* _EXERCISE_
Look for the line with "Balaji Sui Dhaaga" in the entries below, then extract that line and all lines after it exactly, with pictures left out.

======== DATASET RECORDS ========

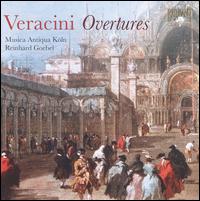 Veracini: Overtures von Reinhard Goebel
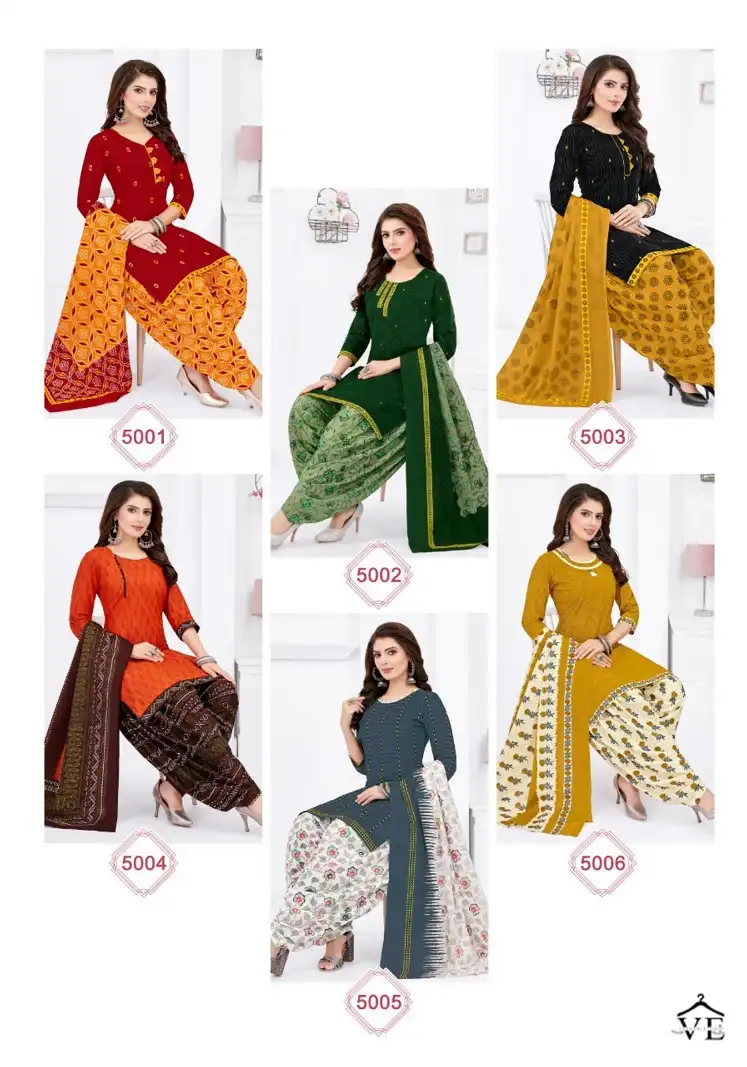 Balaji Sui Dhaaga Vol 5 Cotton Wholesale Readymade Salwar Suit Catalog — Wholesale Salwar Suits, MPA wholesale from Surat — view 13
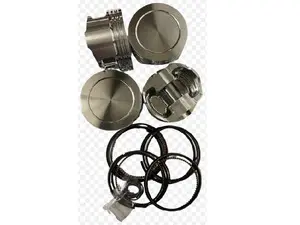 R53 R52 W11 Sneed4Speed Forged Street Series Piston Set - Standard 77mm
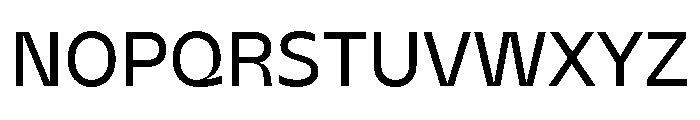 AgenaDisplay Regular Font UPPERCASE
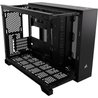 PC case - CORSAIR - 2500X Tempered Glass Micro ATX Dual Chamber - Blac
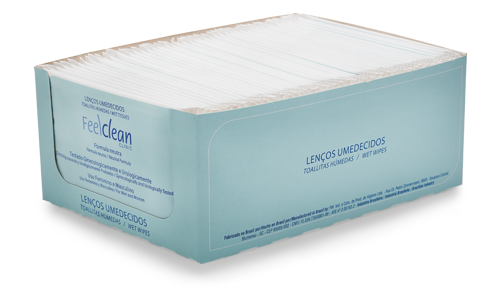 FeelClean Clinic Wet Tissues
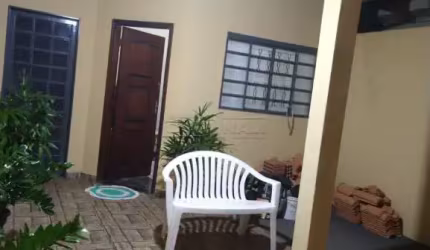 Casa Padrão em São Carlos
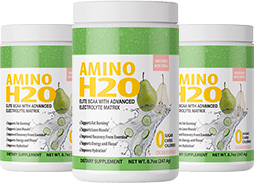 Amino H2O Summer Lemonade 3 Bottle Package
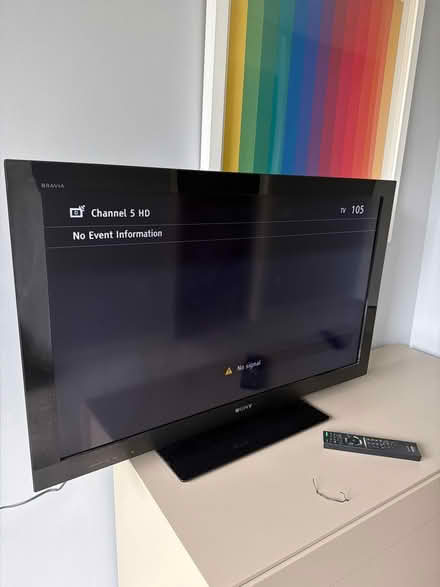 Photo of free TV Sony (Southwalk SE1) #1
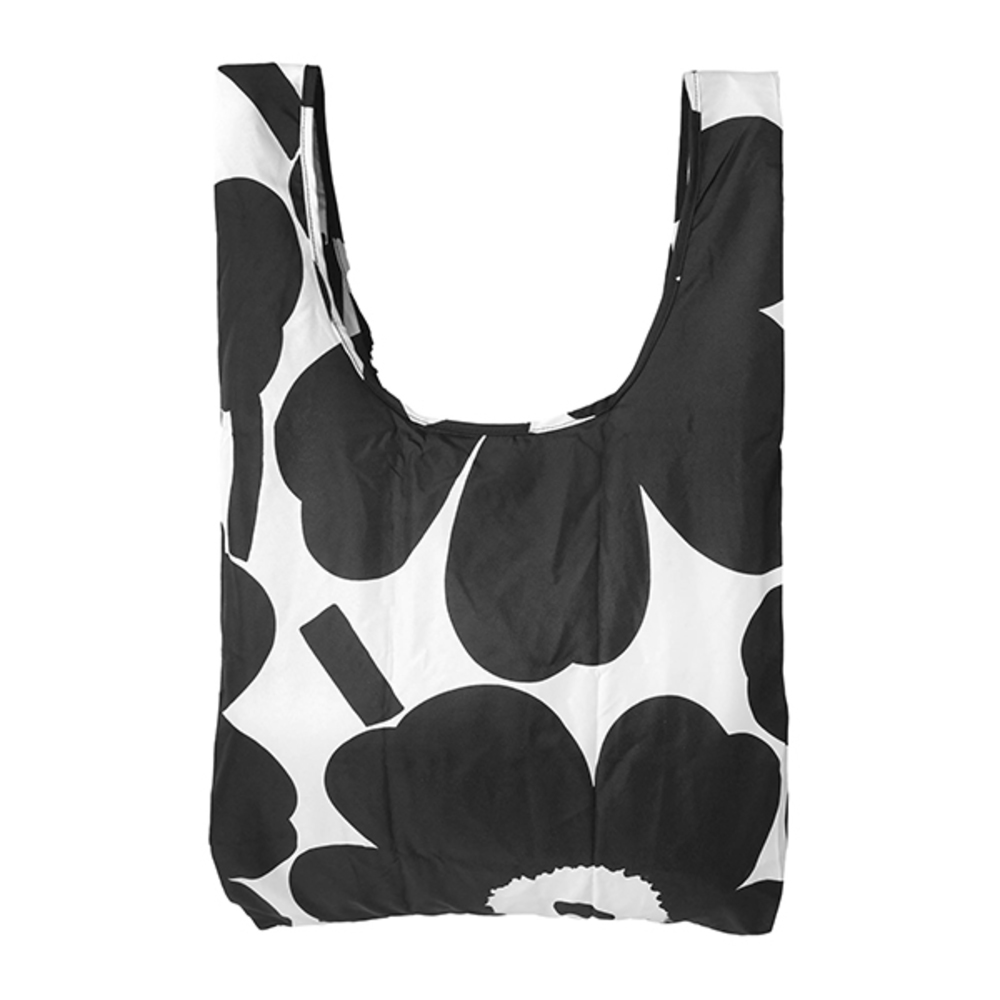 Marimekko Tote Bag Pieni Unikko Smart Black White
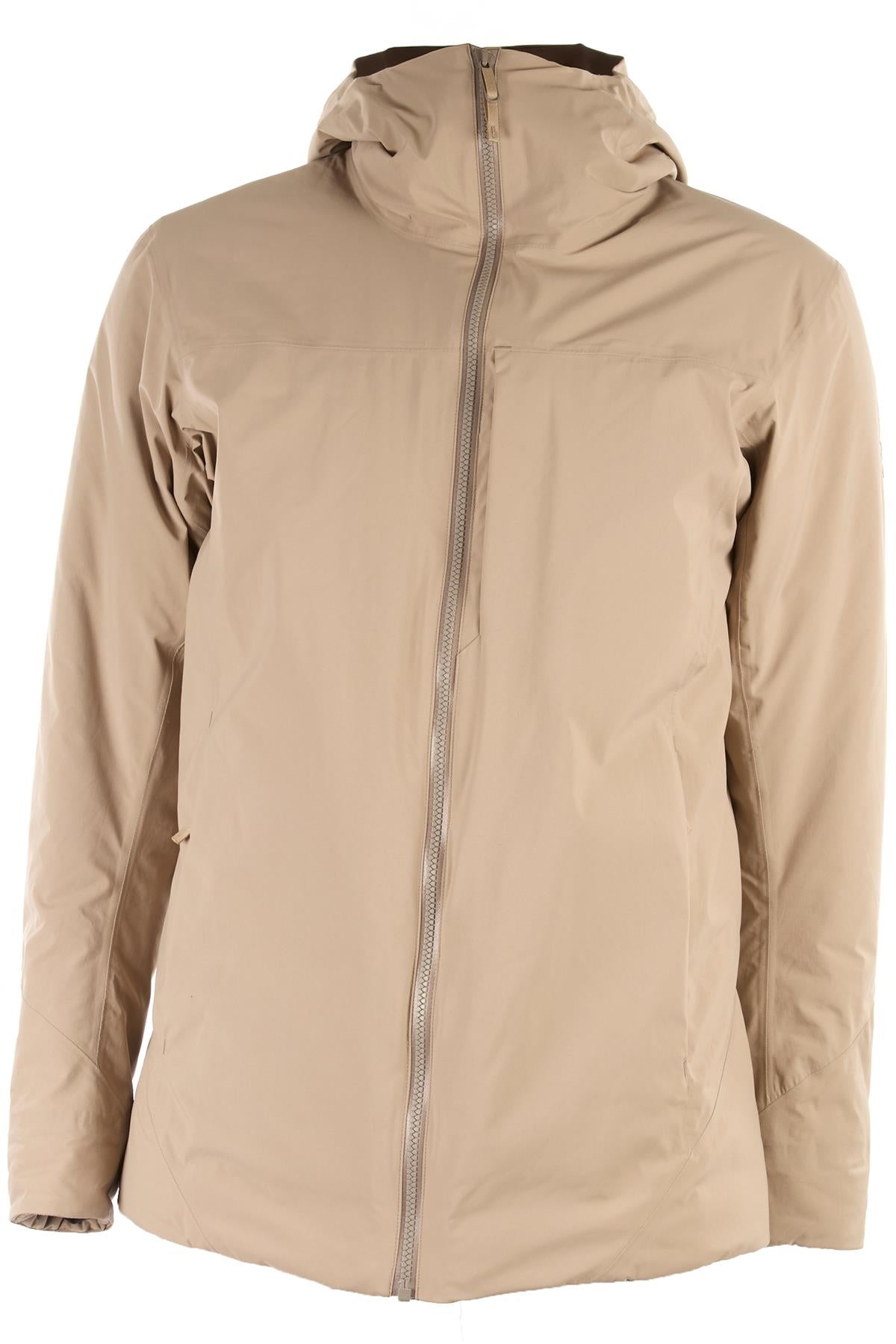 ARC'TERYX BEIGE MEN'S PADDED SHELL JACKET MEDIUM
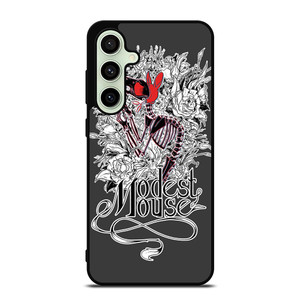MODEST MOUSE BAND ARTWORK Samsung Galaxy S24 FE Case Cover MODEST MOUSE BAND ARTWORK Samsung Galaxy S24 FE Case Cover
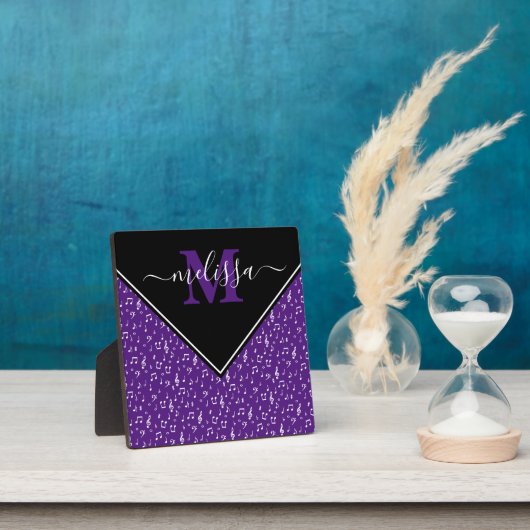 ミュージカル記号プラパーソナライズされたーク フォトプラーク (インサイチュ)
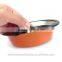 Colorful Stainless Steel Dog Feeding Bowl Cat Puppy Food Drink Water Dish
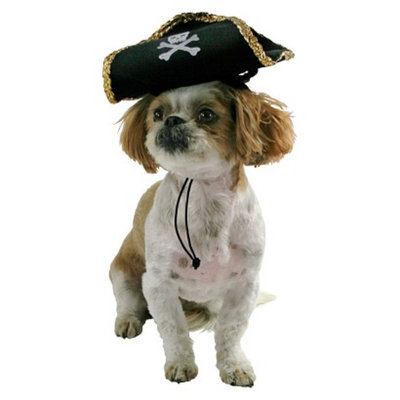 Boots & Barkley Evergreen Pirate Boy/Girl Hat-style A S/M : L/XL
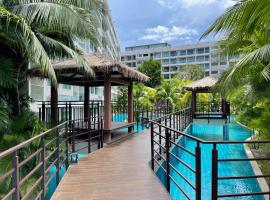 Laguna Beach Resort 3 Maldives, hotel di Pantai Jomtien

========

* _WRITTEN RESPONSE_
 Balaji Sui Dhaaga Vol 5 Cotton Wholesale Readymade Salwar Suit Catalog — Wholesale Salwar Suits, MPA wholesale from Surat — view 13
 R53 R52 W11 Sneed4Speed Forged Street Series Piston Set - Standard 77mm
 AgenaDisplay Regular Font UPPERCASE
 PC case - CORSAIR - 2500X Tempered Glass Micro ATX Dual Chamber - Blac
 FeelClean Clinic Wet Tissues
 Casa Padrão em São Carlos
 Amino H2O Summer Lemonade 3 Bottle Package
 Photo of free TV Sony (Southwalk SE1) #1
 Marimekko Tote Bag Pieni Unikko Smart Black White
 ARC'TERYX BEIGE MEN'S PADDED SHELL JACKET MEDIUM
MODEST MOUSE BAND ARTWORK Samsung Galaxy S24 FE Case Cover MODEST MOUSE BAND ARTWORK Samsung Galaxy S24 FE Case Cover
 ミュージカル記号プラパーソナライズされたーク フォトプラーク (インサイチュ)
 Colorful Stainless Steel Dog Feeding Bowl Cat Puppy Food Drink Water Dish
 Boots & Barkley Evergreen Pirate Boy/Girl Hat-style A S/M : L/XL
 Laguna Beach Resort 3 Maldives, hotel di Pantai Jomtien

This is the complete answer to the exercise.